On 10/1/17 04:48, Alan wrote:
I expect for amateur purposes, a simple sphere is fine.
I'm interested in what others are doing so I can be at least somewhat consistent with their results.
My current method for computing apogee and perigee seems to give results that match many of the online tracking programs. That is, find the geometric apogee and perigee and subtract the radius of the earth under those points. I can't easily tell if they make the correction for geodetic latitude because the effect is small and the results are usually not given with a lot of precision. But you do end up with weird oddities like seeing the ISS at an altitude that exceeds calculated apogee. As long as everybody is happy with that little anomaly, I'm happy too.
If you want to compute the energy in a (decaying) orbit, there's a simple and straightforward formula:
specific orbital energy = -GM/(2*a)
where 'GM' (also known as mu) is the earth's gravitational parameter = 3.986004418e14 m^3/s^2 and 'a' is the orbit's semi-major axis in meters.

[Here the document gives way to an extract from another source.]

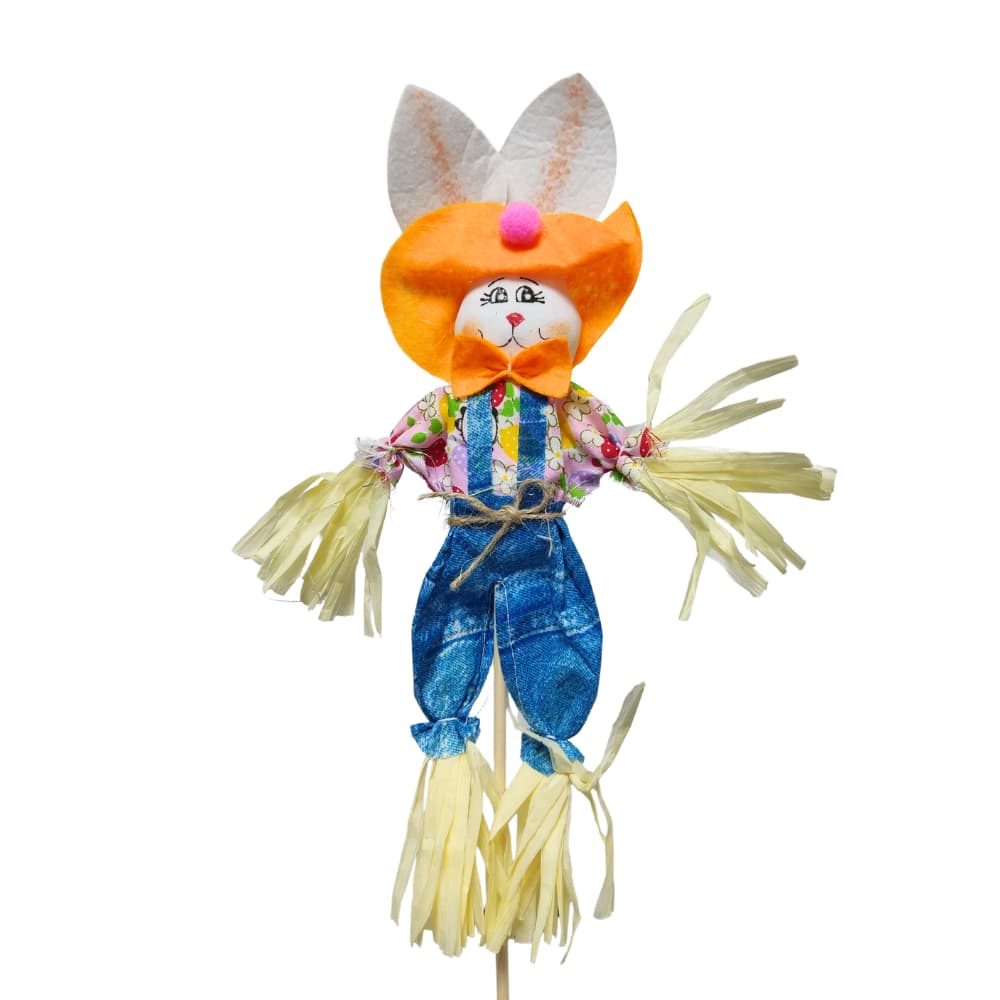 Coelho de Palha Com Chapeu 38cm Tecido Com Suporte de Madeira para Mesa e Decoração de Festa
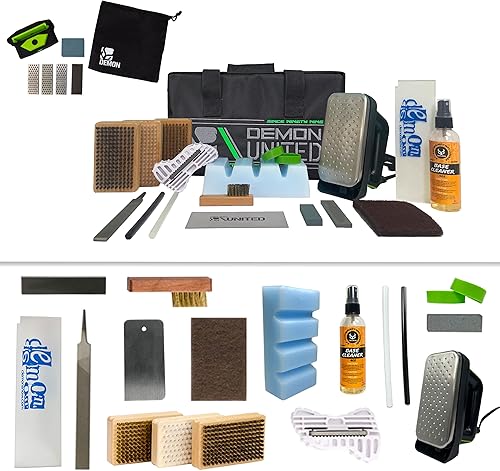 Demon Hyper - Kit de afinación de esquí y snowboard con hierro, bloque de cera de 1 libra y limpiador de base y afinador de borde Elite X para esquí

The specific energy is the sum in joules of the satellite's kinetic and potential energy per kilogram of its mass. Because of energy conservation, it will remain constant for any satellite in any trajectory unless it is gaining or losing energy from thrust, drag, or gravitational exchanges with a third body. It is always negative for a closed orbit because potential energy is zero at infinity and increasingly negative as you get closer. A positive specific energy means a hyperbolic (escape) trajectory.
For the ISS I calculate a specific energy of about -29.38 MJ/kg.
Problem is, you can't recover the semimajor axis from the apogee and perigee unless you know how they're computed. And if they're done the way I described, you also need the latitude of apogee and perigee so you can add the right earth radius, and that in turn usually requires knowing the inclination and argument of perigee, the latter changing steadily with time.
But if you have the mean motion or period you can compute the semi major axis from it using Kepler's third law:
a = (GM*P^2)^1/3
where the period P is expressed in seconds/radian = seconds/revolution / (2*pi), or
a = (GM/N^2)^1/3
where the mean motion N is expressed in radians/sec = rev/day * 2 * pi/86400.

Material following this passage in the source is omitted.